No longer so rare: record VC invested in rare disease and orphan drug startups
December 12, 2014
Venture capital’s interest in rare disease and orphan drug startups is quickly growing. The increase in VC funding for these companies has been forecast for some years now, but it appears to be finally coming to fruition.
VCs and pharma giants are pushing resources into early stage opportunities because, as is the case in quite a few other industries, a near-monopoly in a niche space is better than fierce competition in a larger market. After poring through PitchBook news coverage and valuations of the most valuable rare disease startups, a few key factors emerge as to why the rare disease space could be lucrative:
1. Potential market: With genome sequencing rapidly becoming cheaper, the number of those diagnosed with rare diseases (as well as the number of diseases) has only proliferated.
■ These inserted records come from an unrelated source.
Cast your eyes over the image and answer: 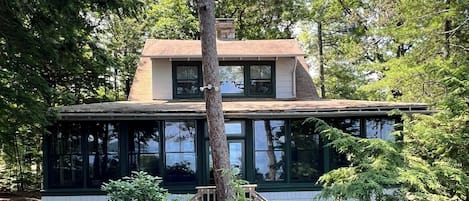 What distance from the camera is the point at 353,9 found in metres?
19.3

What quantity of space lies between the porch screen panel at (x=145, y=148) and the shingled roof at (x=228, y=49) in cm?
258

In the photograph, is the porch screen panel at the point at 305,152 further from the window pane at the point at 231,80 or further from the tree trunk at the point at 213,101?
the tree trunk at the point at 213,101

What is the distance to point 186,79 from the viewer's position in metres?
13.5

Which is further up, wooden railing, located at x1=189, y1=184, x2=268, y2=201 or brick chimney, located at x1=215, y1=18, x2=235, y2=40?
brick chimney, located at x1=215, y1=18, x2=235, y2=40

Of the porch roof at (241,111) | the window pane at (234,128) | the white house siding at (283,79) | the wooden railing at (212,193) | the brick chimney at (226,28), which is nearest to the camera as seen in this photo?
the wooden railing at (212,193)

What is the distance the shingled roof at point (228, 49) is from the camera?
13.3m

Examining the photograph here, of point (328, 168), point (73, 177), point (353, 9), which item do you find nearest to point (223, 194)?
point (328, 168)

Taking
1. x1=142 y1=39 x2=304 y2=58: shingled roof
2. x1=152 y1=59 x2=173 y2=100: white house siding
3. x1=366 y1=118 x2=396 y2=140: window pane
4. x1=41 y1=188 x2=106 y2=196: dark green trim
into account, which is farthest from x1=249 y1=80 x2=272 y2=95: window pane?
x1=41 y1=188 x2=106 y2=196: dark green trim

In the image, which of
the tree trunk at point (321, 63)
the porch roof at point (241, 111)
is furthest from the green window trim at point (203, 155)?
the tree trunk at point (321, 63)

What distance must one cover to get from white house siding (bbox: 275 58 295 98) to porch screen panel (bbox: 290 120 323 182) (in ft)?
7.61

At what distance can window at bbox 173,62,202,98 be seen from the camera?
532 inches

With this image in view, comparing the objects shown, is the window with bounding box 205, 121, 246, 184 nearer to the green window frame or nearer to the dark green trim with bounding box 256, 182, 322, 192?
the dark green trim with bounding box 256, 182, 322, 192

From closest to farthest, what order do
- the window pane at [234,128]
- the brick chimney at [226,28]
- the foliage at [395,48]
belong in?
1. the window pane at [234,128]
2. the foliage at [395,48]
3. the brick chimney at [226,28]

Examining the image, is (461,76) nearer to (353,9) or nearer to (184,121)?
(184,121) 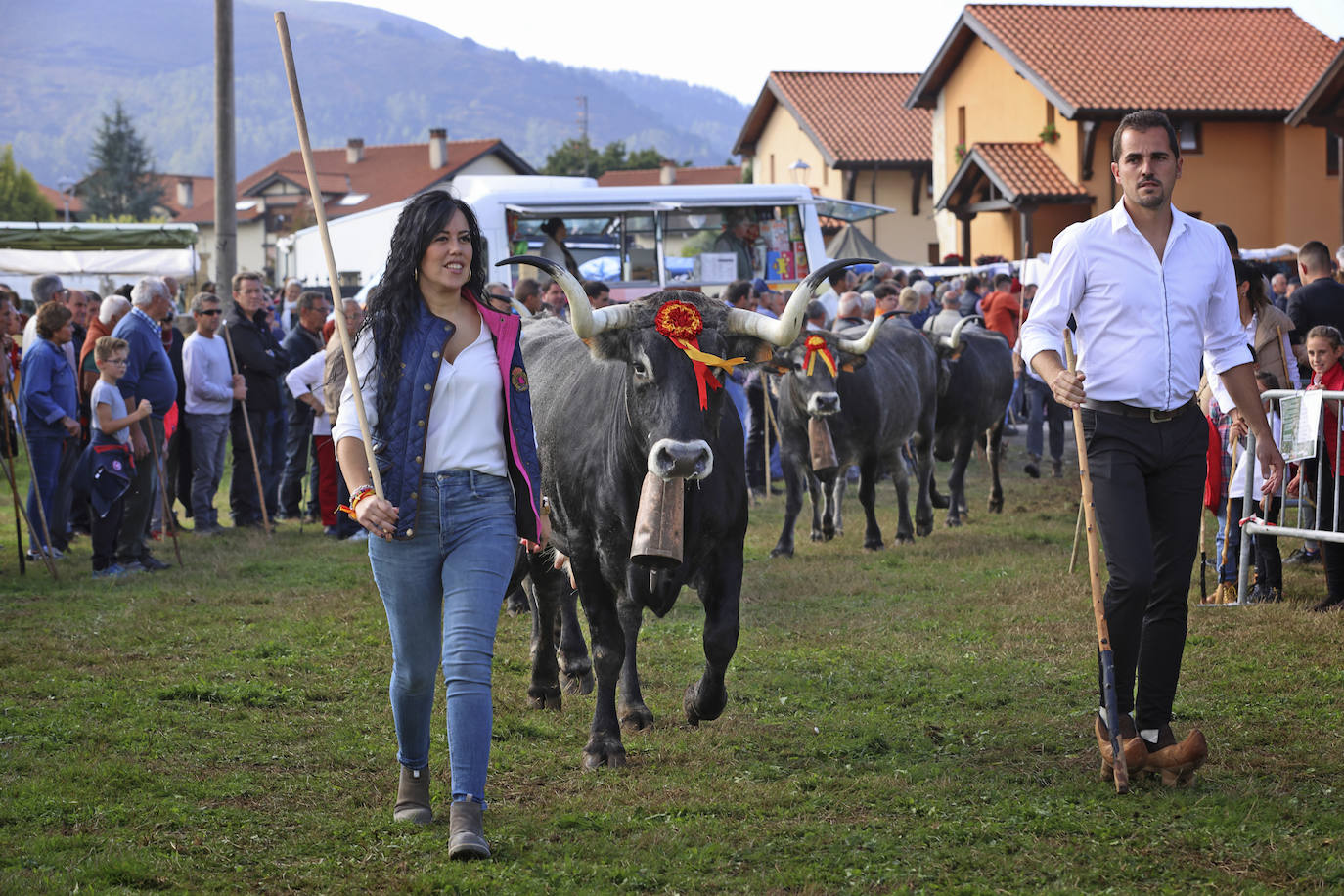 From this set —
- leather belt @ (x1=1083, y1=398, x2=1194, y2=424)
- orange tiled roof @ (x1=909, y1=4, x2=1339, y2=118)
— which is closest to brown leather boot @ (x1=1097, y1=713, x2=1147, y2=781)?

2. Lower production costs: In the U.S., for one, the Food and Drug Administration is still pushing for faster approvals, allowing smaller clinical trials and shorter turnarounds.
3. Scarcity of treatments: Most of the estimated 7,000 rare diseases currently known have no treatments, which speaks to the difficulty of drug development for little-known disorders, as well as the potential reward of monopoly on the only viable drug candidate.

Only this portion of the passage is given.